◆ EXERCISE DETAILS:
Only the stretch below from the line holding "Photo of property" through the line holding "New 2026 Ford" should be restated, word for word and with both ends included; pictures stay out.

[Captioned web images]
------------------------------------------------------------------------
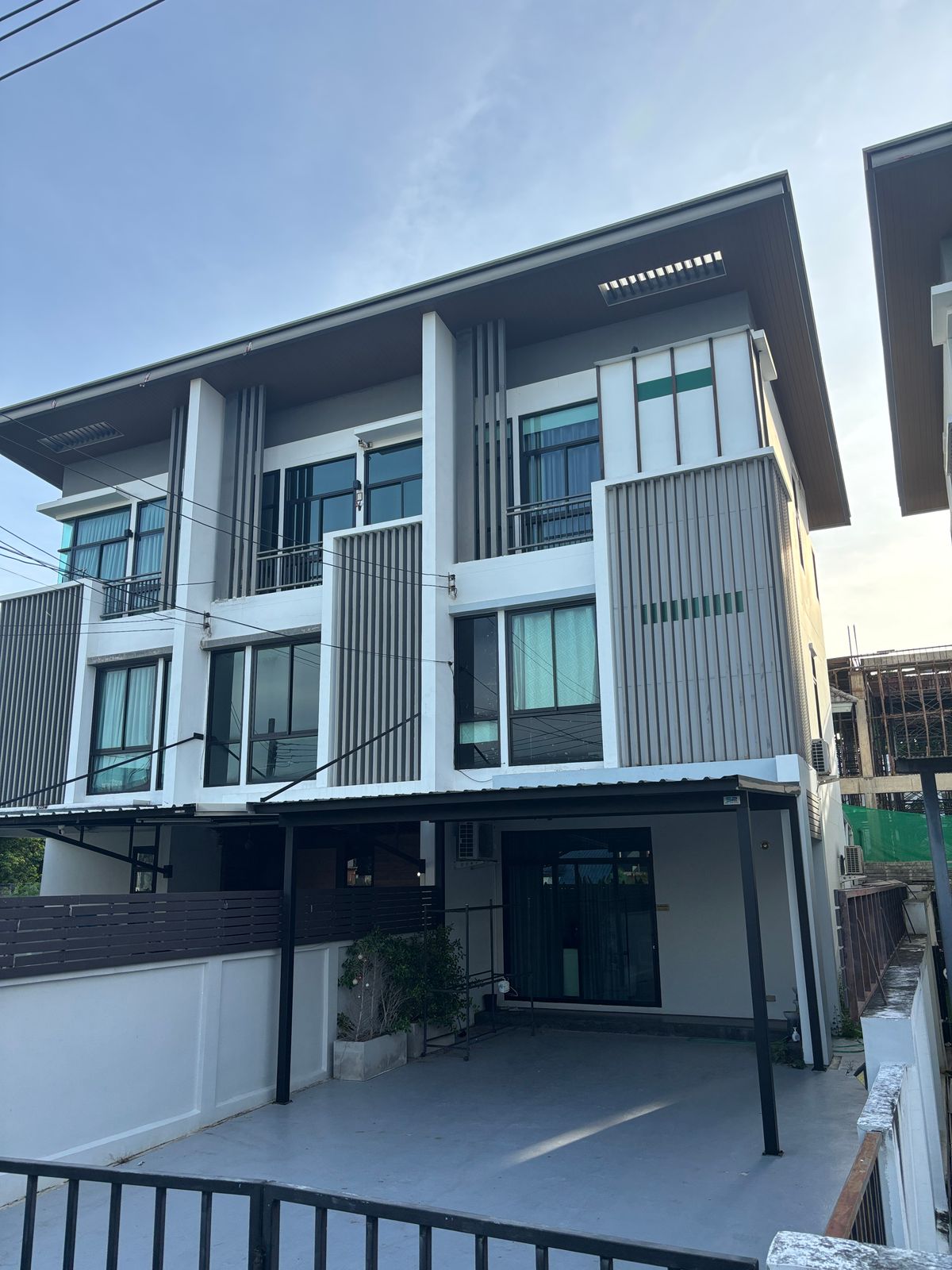 ทาวน์โฮมโชคชัย4 ลาดพร้าว71 : ขายด่วน ทาวน์โฮม3ชั้นหลังมุม จอดรถ 4 คัน 37ตรว บ้าน cozy นาคนิวาส  4นอน 4 น้ำ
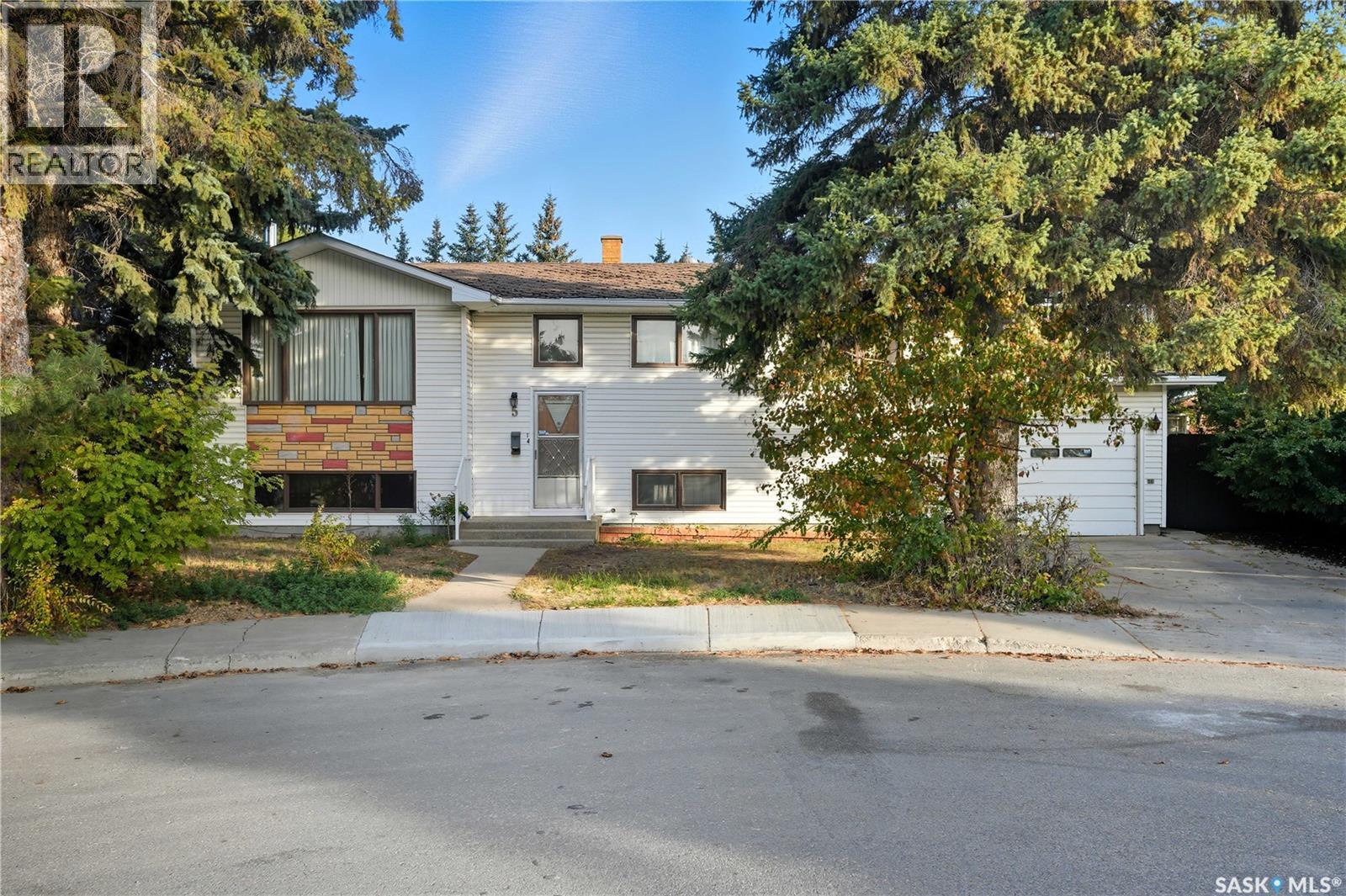 5 Hamilton PLACE, Saskatoon, Saskatchewan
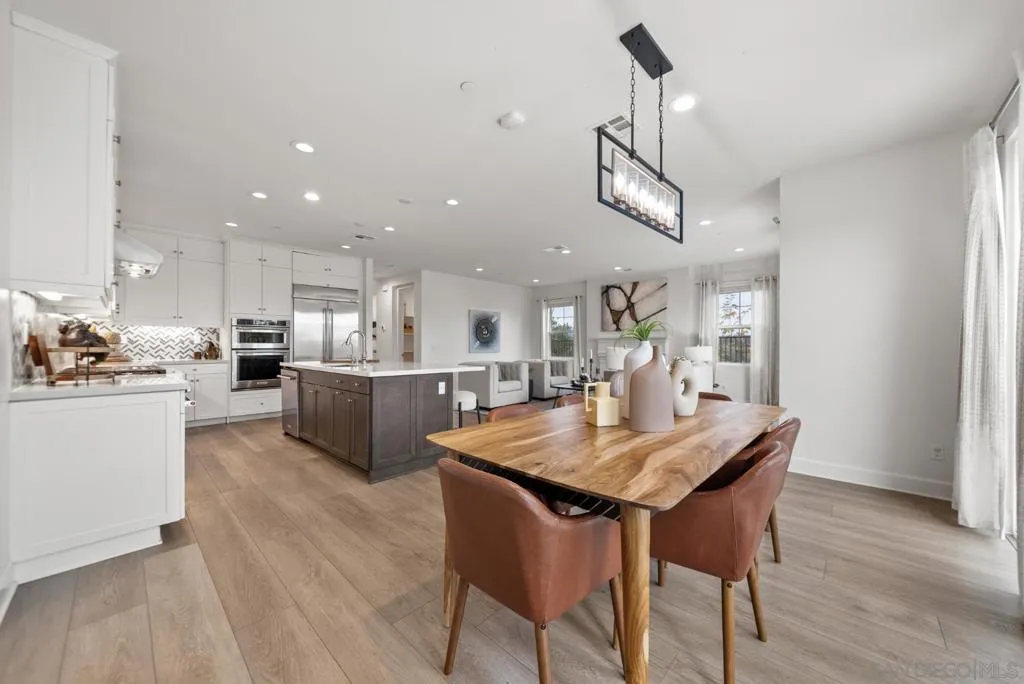 8304 The Grant Place, Bonita, California 91902 home-pic-10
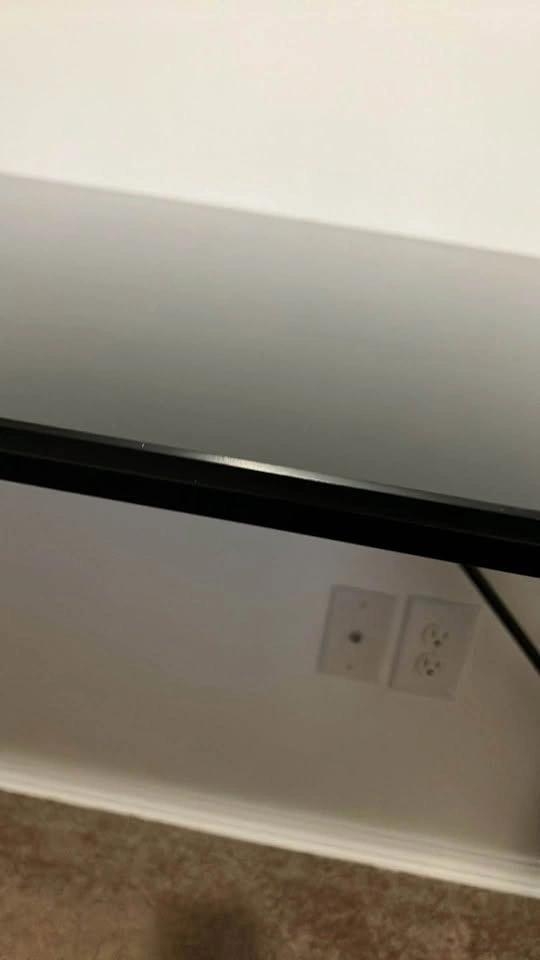 Desk - photo 3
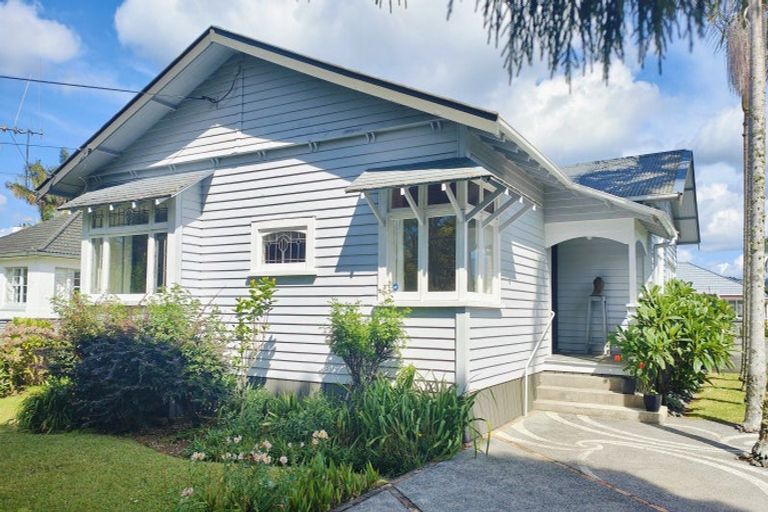 Photo of property in 33 Mains Avenue, Kensington, Whangarei, 0112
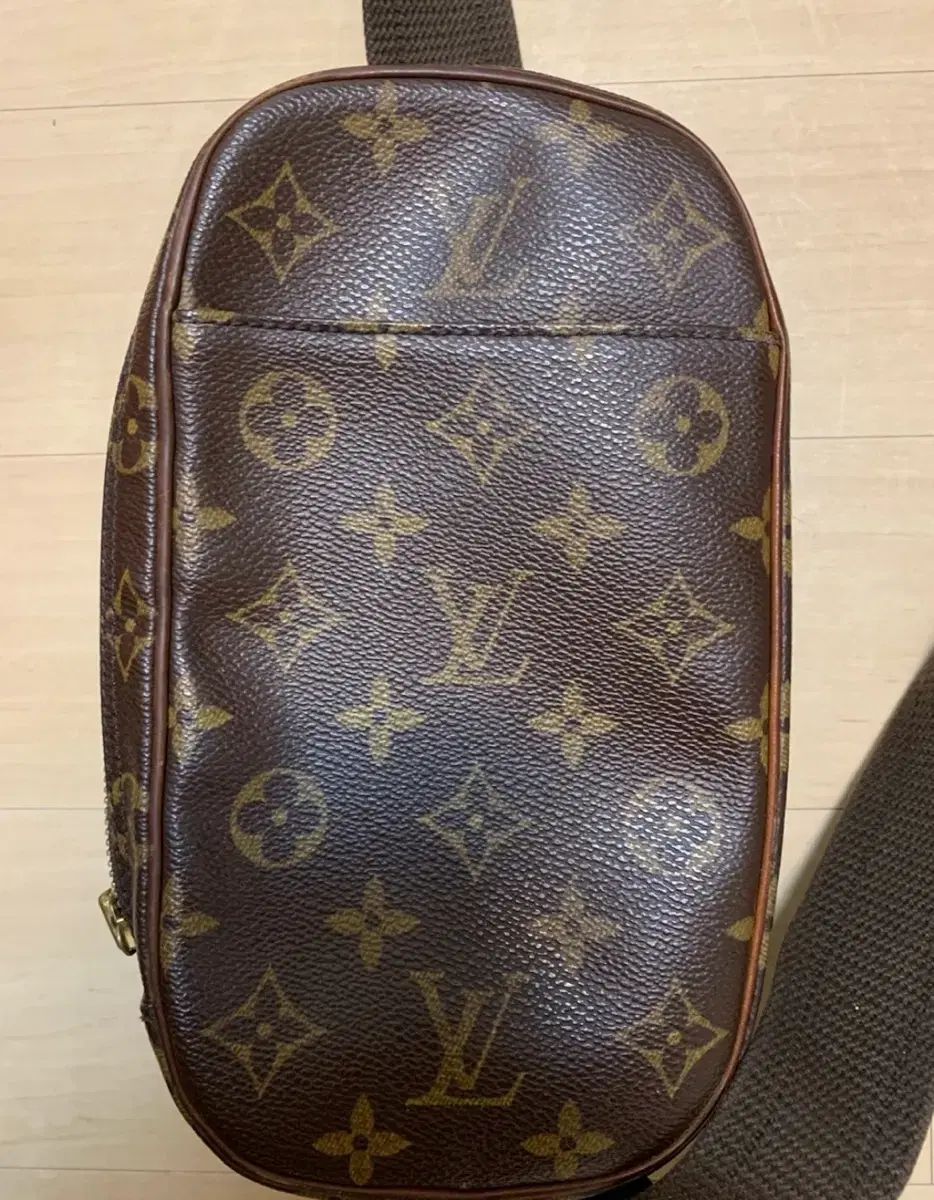 Louis Vuitton ルイヴィトン モノグラム スリングバック 56,167円
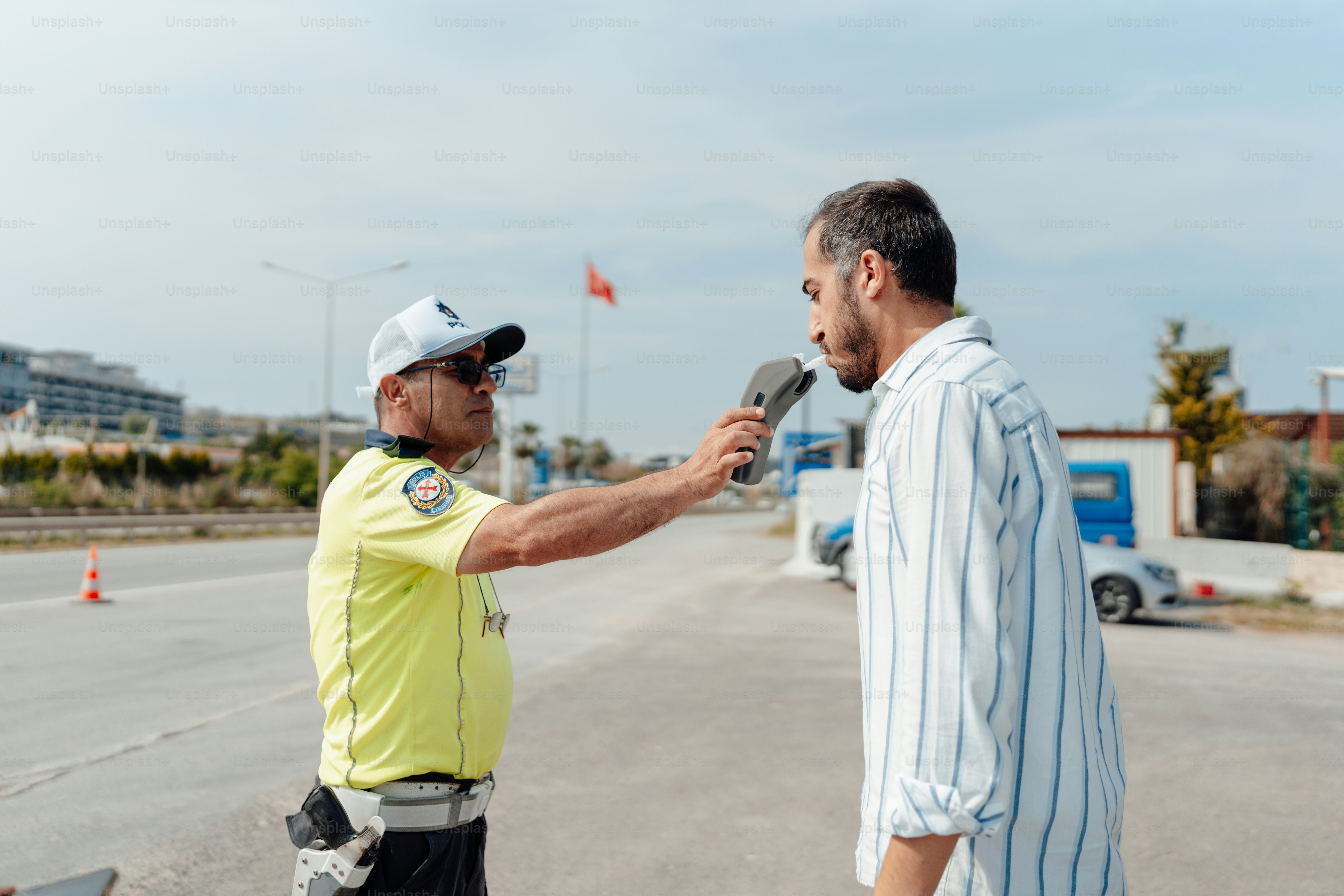 um homem está conversando com outro homem na rua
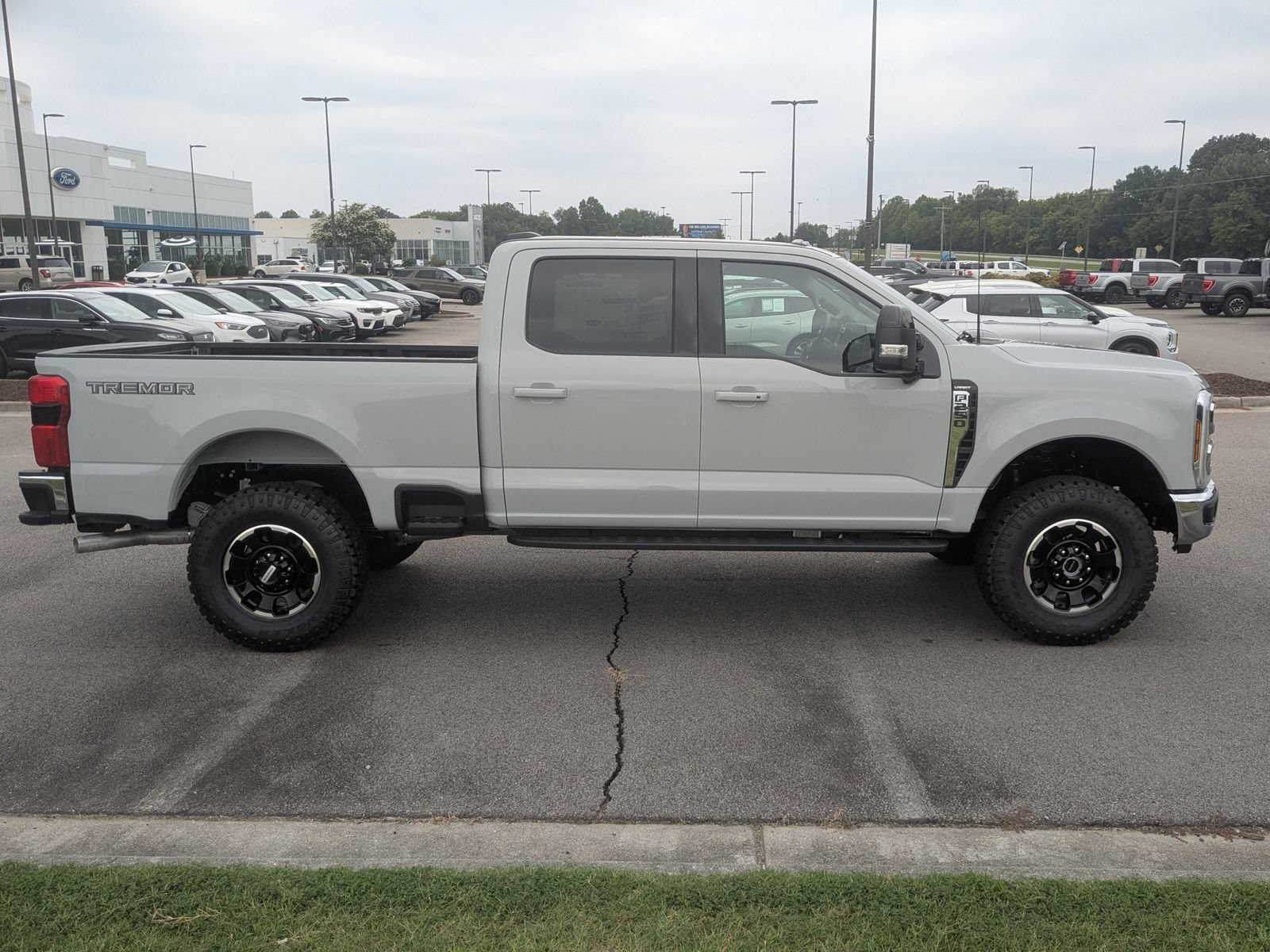 New 2026 Ford F250 Lariat w/ Tremor Off-Road Package AWD/4WD image 2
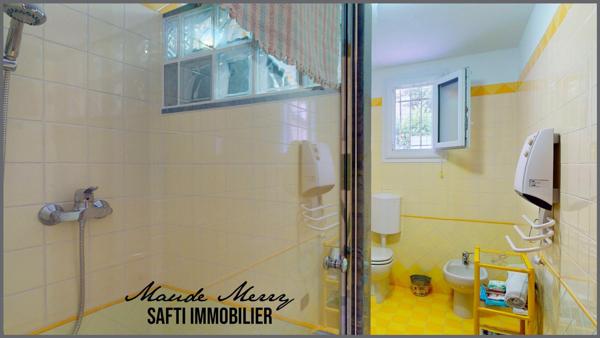 Belle vue dégagée - maison de plain-pied 95 m2 + pièce indépendante d'environ 17 m2 aménagée en une chambre et salle d'eau - piscine traditionnelle - terrasse couverte et abri voiture - terrain d'un peu plus de 1650 m2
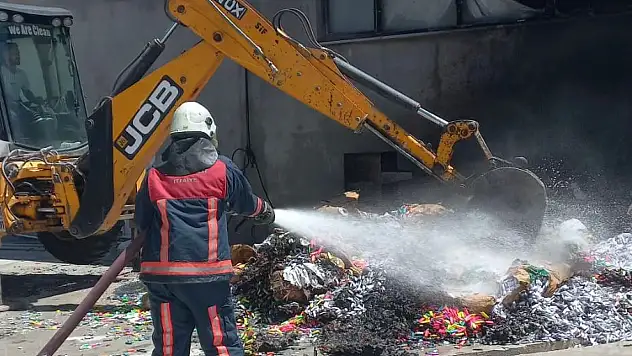 Doğubayazıt Koko Çakmak Fabrikası'nda korkutan yangın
------------------------------------------------------------------------
◆ EXPECTED ANSWER:
 Photo of property in 33 Mains Avenue, Kensington, Whangarei, 0112
 Louis Vuitton ルイヴィトン モノグラム スリングバック 56,167円
 um homem está conversando com outro homem na rua
 New 2026 Ford F250 Lariat w/ Tremor Off-Road Package AWD/4WD image 2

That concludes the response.